Changes in skeletal muscle insulin signaling and cellular context occur in T2D. For example, GLUT proteins must be present in the membrane for facilitated glucose transport. In the context of T2D, GLUT4 content and translocation to the membrane is impaired due to insulin resistance. Increasingly, the problem of overnutrition and nutrient load on skeletal muscle has come to the forefront of understanding insulin resistance. Chronic overnutrition results in increased glycerol and free fatty acids in circulation. Normally, these nutrients are widely cleared by skeletal muscle and adipose tissue. Free fatty acids can diffuse into the cell or are taken up via a transporter such as CD36 and stored as intramyocellular lipids. However, excess in intramuscular triglyceride stores have been linked by numerous studies to insulin resistance [55,56,57]. When there is buildup of lipids, toxic metabolites such as diacetyl glyceride, ceramide, and acylcarnitine can accumulate. These metabolites act as signaling molecules that alter proteins and signaling cascades involved in insulin signaling, oxidative phosphorylation, and peroxisomal metabolism in skeletal muscle [58]. In addition, many of these lipid species increase the action of protein kinase Cθ, which phosphorylates serine residues of the insulin receptor and IRS, downregulating their action [59]. Similarly, toxic lipids drive inflammatory processes associated with insulin resistance [60,61]. In the context of excess nutrients, a high protonmotive force and NADH/NAD+ ratio occurs in the mitochondria as fuels are oxidized [62]. These conditions, without a constructive means to dissipate the protonmotive force (such as ATP production driven by demand), create a high H₂O₂ emitting potential [63,64]. The subsequent free radicals are proposed to further exacerbate insulin resistance [36]. The contribution of oxidative stress to insulin resistance is supported by data showing that treating high fat fed mice with a mitochondrial-specific antioxidant preserves insulin sensitivity [65].
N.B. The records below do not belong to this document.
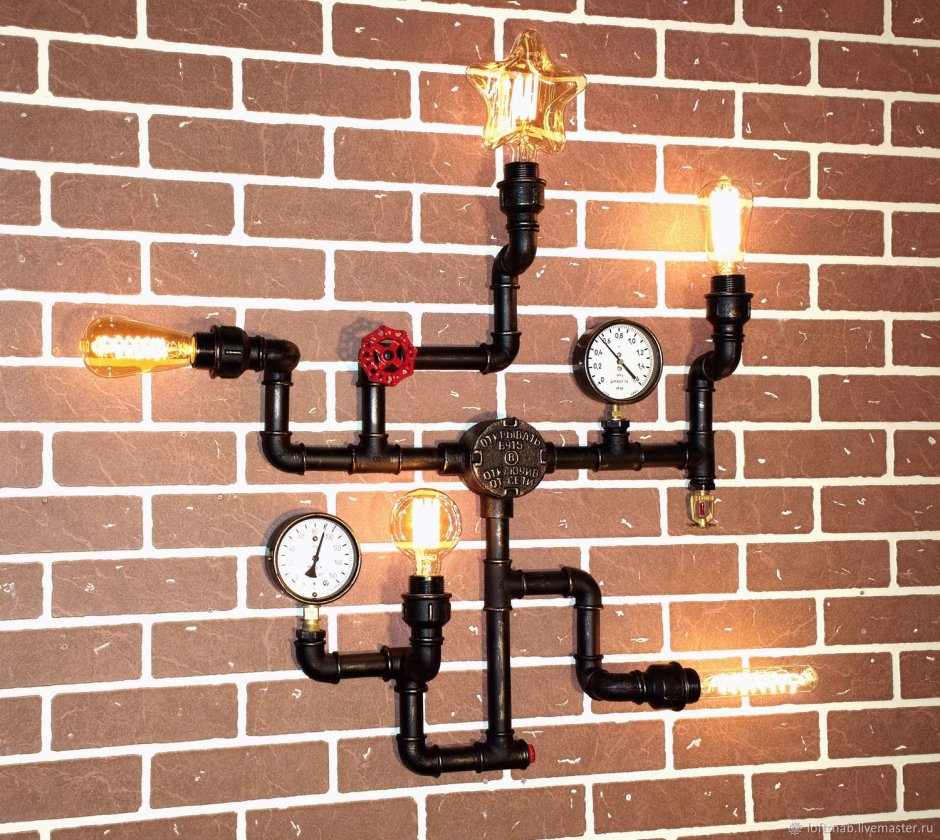 Часы в стиле лофт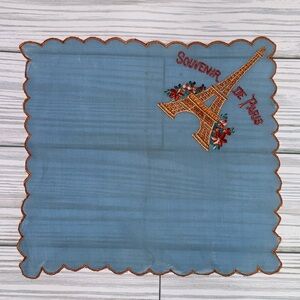 Vintage Paris souvenir hanky
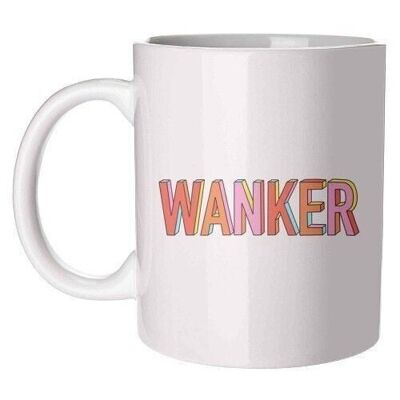 Mugs 'Wanker In Hand Drawn 3D Lettering'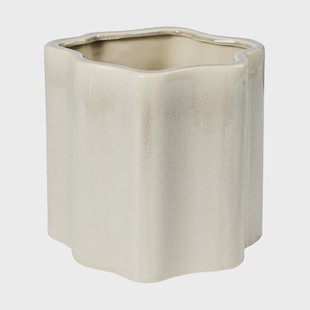 Broste Copenhagen Sonja bloempot H:20 cm Rainy Day Grey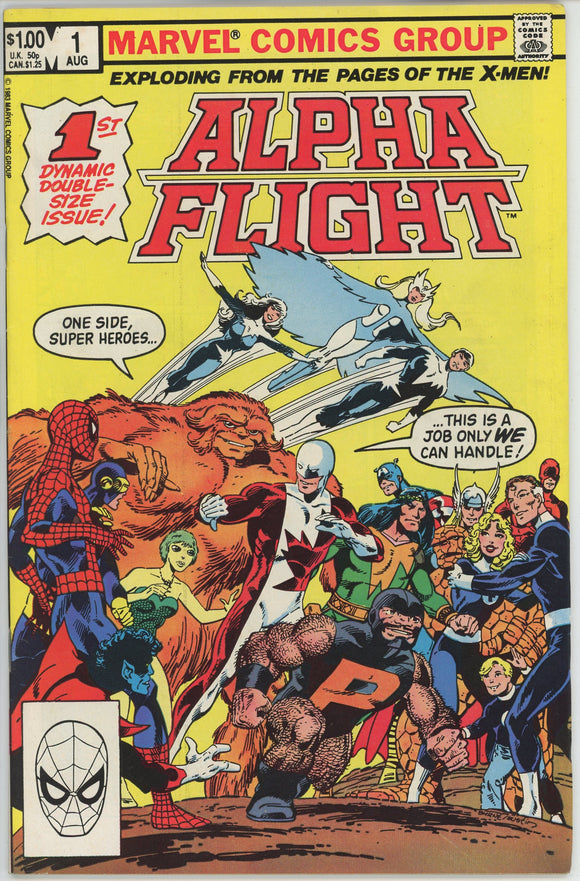 Alpha Flight #1 (1983) - 7.0 FN/VF *1st App Puck/Marina/Omega Flight*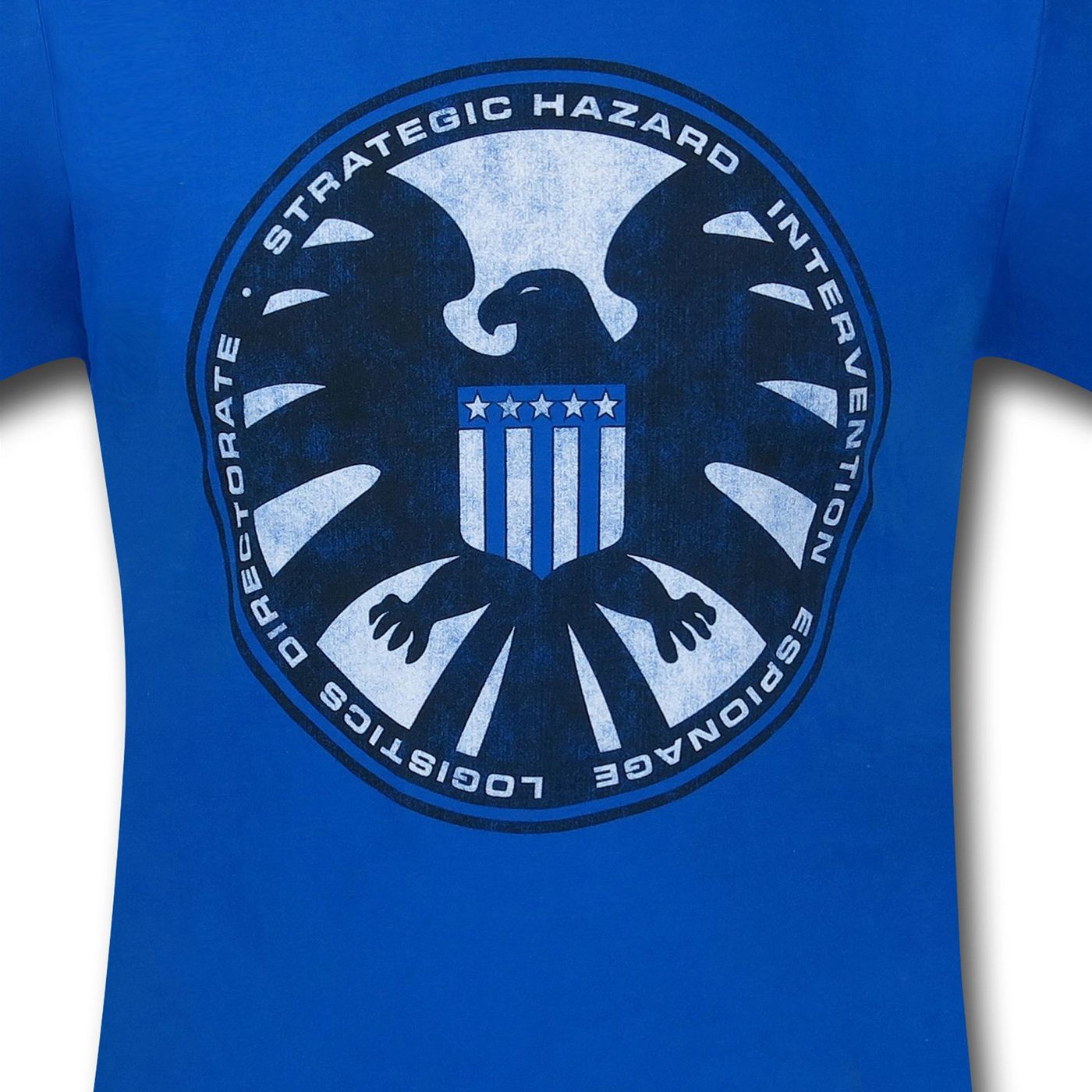 S.H.I.E.L.D. Distressed Symbol 30 Single T-Shirt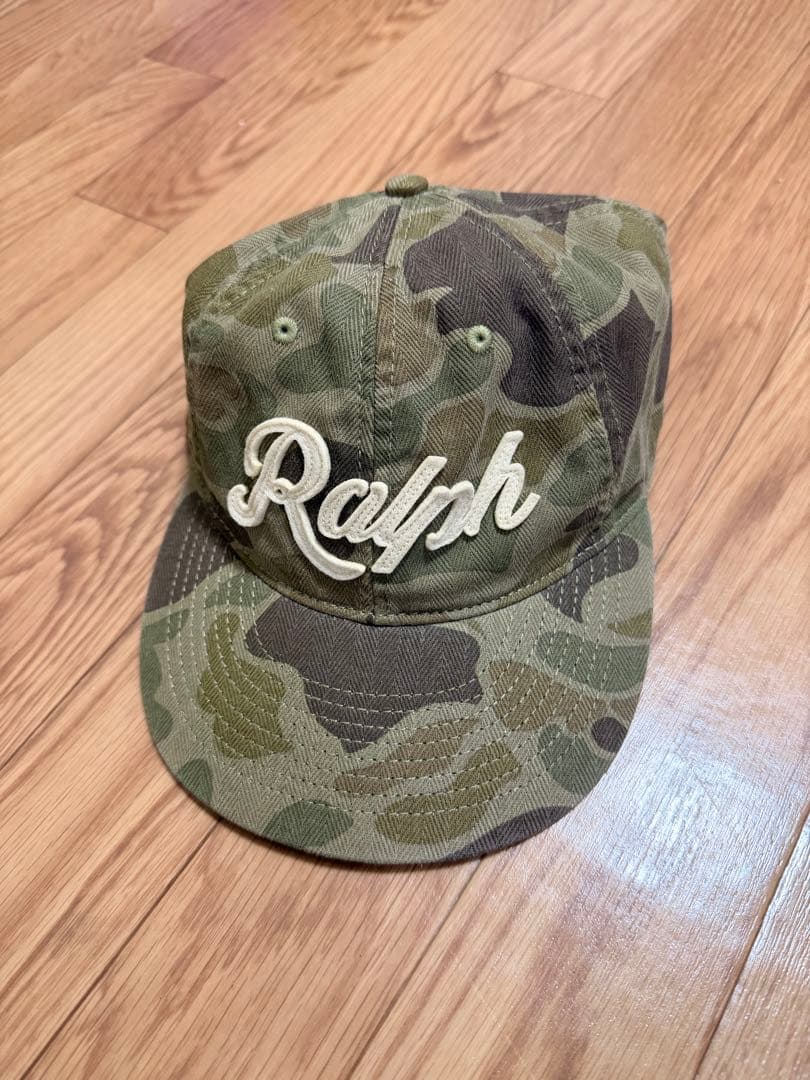 Polo Ralph Lauren カモ ヘリンボーン ボールキャップ
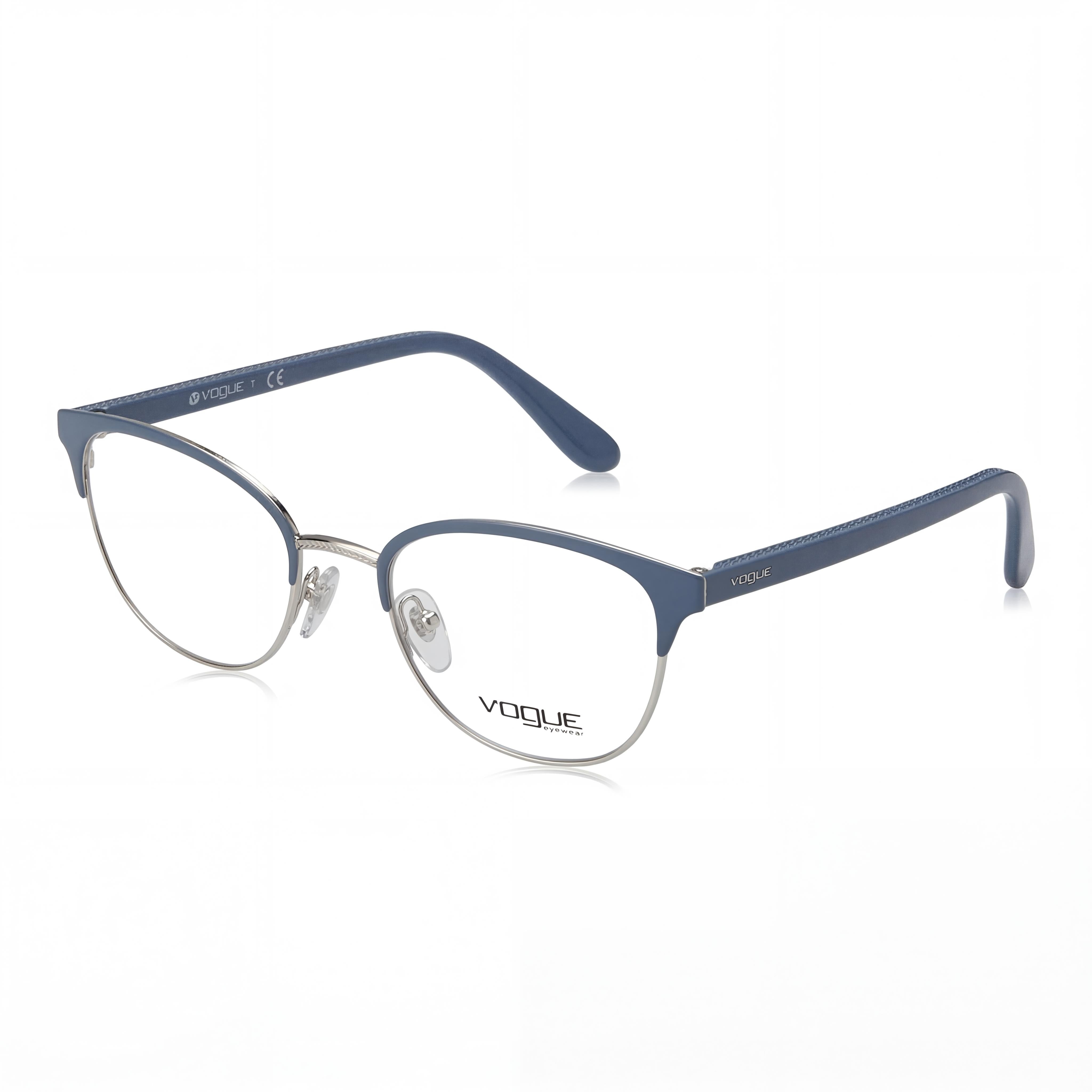 Vogue Eyewear Vo 4088 Women's Blue/Silver Plastic Frame Eyewear with 50mm Lens, 18mm Bridge, 140mm Temple, Photo 1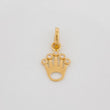 Dije Corona 0.6 g / 3/4 in Oro Amarillo 18K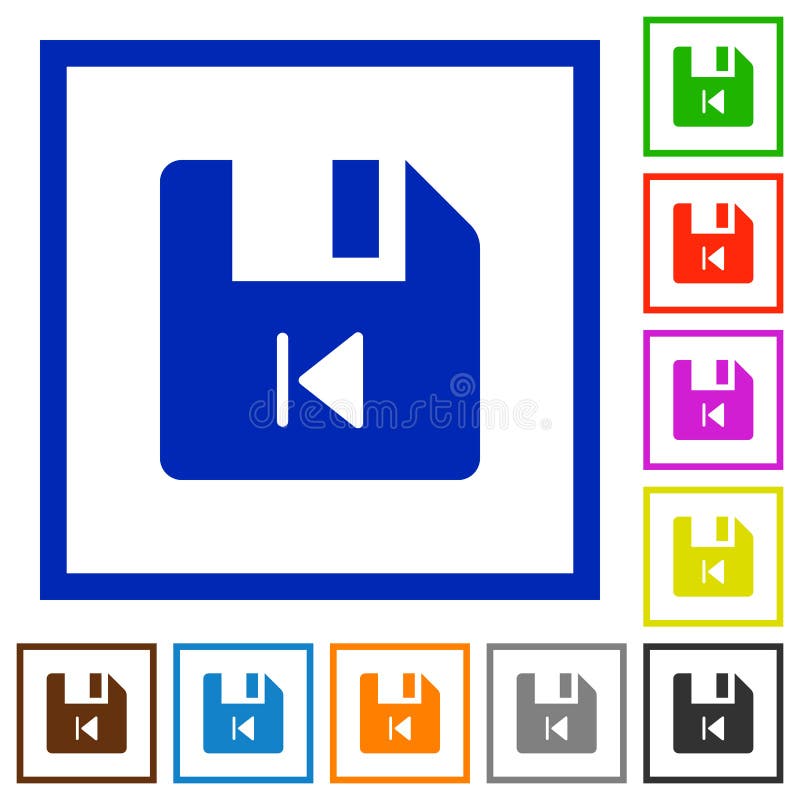 File previous flat framed icons royalty free illustration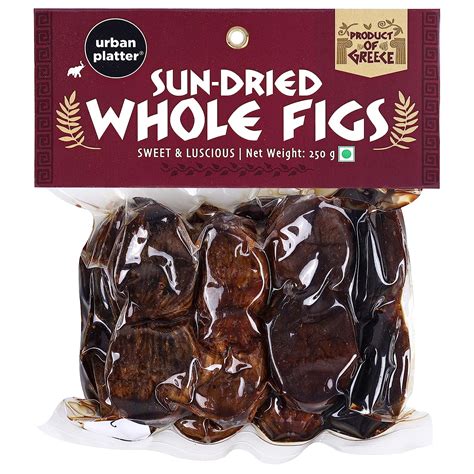 Urban Platter Sun-Dried Whole Figs, 250g (Anjeer, Product of Kymi ...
Pathologic intracellular changes in skeletal muscle cell metabolism in T2D create a viscous cycle exacerbating insulin resistance in the context of overnutrition. As mentioned above, glucose enters the cell via facilitated transport down a diffusion gradient. To phosphorylate glucose, hexokinase must be present and active, and its product, glucose-6-phosphate, must be further metabolized to prevent allosteric down-regulation. When these processes are saturated, glucose-6-phosphate concentration increases and inhibits hexokinase activity, decreasing glucose transport. The concentration and compartmentalization of hexokinase are changed in T2D. Insulin signaling increases hexokinase [66]. Due to the relative decrease in insulin signaling with T2D, hexokinase expression levels are approximately 80% lower compared with controls [67].